Despite the president’s self-confidence, his assessment of the midterms in general and the blue wave in particular is largely wrong. The midterm results — in which Democrats took control of the House while Republicans narrowly increased their margin in the Senate — was not a “complete victory” for either side. And by historic measures, the House results fit the loose qualifications for a blue wave.

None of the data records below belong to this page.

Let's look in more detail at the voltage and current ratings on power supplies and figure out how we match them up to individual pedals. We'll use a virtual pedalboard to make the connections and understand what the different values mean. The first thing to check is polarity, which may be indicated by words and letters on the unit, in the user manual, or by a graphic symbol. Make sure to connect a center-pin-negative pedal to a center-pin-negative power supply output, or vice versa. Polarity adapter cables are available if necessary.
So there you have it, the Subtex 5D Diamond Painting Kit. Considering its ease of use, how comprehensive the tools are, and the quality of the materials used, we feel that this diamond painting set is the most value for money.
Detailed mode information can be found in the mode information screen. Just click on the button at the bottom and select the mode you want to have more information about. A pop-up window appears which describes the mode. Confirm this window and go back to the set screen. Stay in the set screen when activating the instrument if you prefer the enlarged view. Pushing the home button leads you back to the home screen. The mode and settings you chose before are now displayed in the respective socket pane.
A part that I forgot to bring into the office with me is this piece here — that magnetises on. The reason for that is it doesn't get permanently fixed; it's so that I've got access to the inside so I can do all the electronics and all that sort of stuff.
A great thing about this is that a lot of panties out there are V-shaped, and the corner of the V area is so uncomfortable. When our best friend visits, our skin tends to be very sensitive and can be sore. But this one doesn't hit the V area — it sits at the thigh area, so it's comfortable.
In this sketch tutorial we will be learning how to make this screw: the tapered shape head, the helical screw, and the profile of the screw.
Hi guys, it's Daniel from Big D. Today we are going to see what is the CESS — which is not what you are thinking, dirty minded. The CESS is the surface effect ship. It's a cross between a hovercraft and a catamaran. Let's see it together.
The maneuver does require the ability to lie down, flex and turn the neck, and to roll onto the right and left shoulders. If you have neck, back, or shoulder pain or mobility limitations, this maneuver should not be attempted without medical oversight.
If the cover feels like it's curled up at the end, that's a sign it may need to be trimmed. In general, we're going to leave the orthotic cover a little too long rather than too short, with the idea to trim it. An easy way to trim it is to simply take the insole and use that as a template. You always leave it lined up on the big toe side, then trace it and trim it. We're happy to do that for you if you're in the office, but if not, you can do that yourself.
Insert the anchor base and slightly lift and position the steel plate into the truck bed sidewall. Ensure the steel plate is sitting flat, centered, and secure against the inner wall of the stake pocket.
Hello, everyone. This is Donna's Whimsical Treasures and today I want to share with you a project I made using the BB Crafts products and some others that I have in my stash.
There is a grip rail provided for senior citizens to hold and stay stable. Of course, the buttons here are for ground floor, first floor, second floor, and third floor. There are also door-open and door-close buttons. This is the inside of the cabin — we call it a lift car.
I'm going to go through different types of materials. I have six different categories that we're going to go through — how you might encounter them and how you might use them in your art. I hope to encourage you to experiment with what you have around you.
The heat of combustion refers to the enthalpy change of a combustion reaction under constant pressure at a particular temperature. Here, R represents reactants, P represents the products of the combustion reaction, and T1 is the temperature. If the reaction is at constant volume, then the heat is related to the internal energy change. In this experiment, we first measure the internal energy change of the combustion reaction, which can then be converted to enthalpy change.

Despite the hopes of some on the left, the pundits’ predictions for a blue wave were always limited to the House. In the struggle for the Senate, Democrats faced the longest odds confronting a party in several decades — maybe more. While Republicans had to defend only nine seats, Democrats needed to protect two dozen — 10 of which stood in red states won by Trump in 2016 — as well as those of two more independents who caucus with Democrats. This was, as veteran election handicapper Stuart Rothenberg noted, “an almost impossible map” for them. And yet, despite the odds, the Democrats will end up with, at worst, a net loss of three seats.
The House, then, was where predictions of a blue wave focused. Democrats needed to pick up 23 seats to take control of the chamber; they took heart in the fact that there were 25 House districts that Hillary Clinton had won in 2016 that were represented by seemingly vulnerable Republicans.
That, plus a wave of Republican retirements and the general mood of the country, led most observers to agree that Democrats would capture the House. In September, Washington Post columnist Dan Balz offered a meteorological guide to understanding the scale of Democrats’ likely victory: “a blue wave (enough to get 23 pickups), a blue tsunami (Democratic gains of well beyond 25), a blue tornado (picking off Republicans in a more haphazard and less predictable pattern), a strong tide, a riptide or just a blue surge (that would keep Democrats short of their goal).”
In their final predictions, most observers agreed that the results would match Balz’s definition of a “blue wave” and that Democratic gains would probably move into the “blue tsunami” category. Five major handicappers all forecast Democratic gains north of 30 seats, with a consensus in the low 30s (a sixth predicted gains of 25 to 35 seats).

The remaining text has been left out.